**ASSIGNED TASK:**
Retype, exactly as they appear below, the lines between the line holding "Alright, before we" and the line holding "A microphone, sometimes", both ends included.

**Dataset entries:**
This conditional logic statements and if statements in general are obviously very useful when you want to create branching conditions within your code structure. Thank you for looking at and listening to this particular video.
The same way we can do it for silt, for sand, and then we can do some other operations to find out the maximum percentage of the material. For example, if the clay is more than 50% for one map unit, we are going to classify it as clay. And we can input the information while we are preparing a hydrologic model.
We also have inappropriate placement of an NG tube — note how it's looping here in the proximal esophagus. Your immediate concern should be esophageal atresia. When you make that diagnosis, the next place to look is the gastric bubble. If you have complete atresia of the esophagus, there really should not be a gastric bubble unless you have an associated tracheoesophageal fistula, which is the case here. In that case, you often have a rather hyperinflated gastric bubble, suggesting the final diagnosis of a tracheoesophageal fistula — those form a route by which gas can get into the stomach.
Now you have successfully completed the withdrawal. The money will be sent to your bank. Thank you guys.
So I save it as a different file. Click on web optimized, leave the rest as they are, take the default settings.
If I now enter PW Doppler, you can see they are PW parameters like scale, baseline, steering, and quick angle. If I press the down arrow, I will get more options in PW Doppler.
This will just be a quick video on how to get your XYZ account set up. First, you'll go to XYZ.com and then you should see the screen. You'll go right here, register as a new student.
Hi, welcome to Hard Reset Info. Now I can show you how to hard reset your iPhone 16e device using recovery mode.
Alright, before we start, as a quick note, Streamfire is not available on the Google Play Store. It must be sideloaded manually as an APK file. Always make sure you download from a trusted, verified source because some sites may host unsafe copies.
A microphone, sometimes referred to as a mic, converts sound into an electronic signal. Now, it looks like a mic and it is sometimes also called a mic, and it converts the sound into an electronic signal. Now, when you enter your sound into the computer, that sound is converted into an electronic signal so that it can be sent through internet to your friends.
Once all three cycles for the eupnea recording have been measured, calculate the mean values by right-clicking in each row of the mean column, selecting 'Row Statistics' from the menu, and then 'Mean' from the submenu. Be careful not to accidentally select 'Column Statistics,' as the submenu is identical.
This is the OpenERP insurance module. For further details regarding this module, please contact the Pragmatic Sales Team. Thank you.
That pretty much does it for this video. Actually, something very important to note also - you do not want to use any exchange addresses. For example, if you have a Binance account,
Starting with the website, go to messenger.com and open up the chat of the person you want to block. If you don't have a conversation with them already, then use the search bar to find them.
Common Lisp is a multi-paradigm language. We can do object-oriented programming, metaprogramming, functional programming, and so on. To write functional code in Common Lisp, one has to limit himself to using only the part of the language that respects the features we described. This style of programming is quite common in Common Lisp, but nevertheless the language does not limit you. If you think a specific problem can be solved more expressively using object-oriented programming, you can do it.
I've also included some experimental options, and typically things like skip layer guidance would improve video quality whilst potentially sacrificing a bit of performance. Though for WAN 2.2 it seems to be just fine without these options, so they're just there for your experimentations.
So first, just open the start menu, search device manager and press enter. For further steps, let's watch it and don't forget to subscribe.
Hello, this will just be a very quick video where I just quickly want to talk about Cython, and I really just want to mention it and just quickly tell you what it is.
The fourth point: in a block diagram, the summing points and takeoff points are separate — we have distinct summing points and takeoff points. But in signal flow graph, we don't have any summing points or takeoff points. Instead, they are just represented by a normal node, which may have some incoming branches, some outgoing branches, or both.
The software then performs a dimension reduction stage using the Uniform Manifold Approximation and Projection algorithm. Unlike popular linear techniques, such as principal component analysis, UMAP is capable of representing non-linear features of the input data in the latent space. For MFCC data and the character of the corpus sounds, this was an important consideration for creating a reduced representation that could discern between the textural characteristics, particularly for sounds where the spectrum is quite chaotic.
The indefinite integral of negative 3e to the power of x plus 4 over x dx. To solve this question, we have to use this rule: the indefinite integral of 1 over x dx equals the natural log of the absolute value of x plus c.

**EXERCISE RESPONSE:**
Alright, before we start, as a quick note, Streamfire is not available on the Google Play Store. It must be sideloaded manually as an APK file. Always make sure you download from a trusted, verified source because some sites may host unsafe copies.
A microphone, sometimes referred to as a mic, converts sound into an electronic signal. Now, it looks like a mic and it is sometimes also called a mic, and it converts the sound into an electronic signal. Now, when you enter your sound into the computer, that sound is converted into an electronic signal so that it can be sent through internet to your friends.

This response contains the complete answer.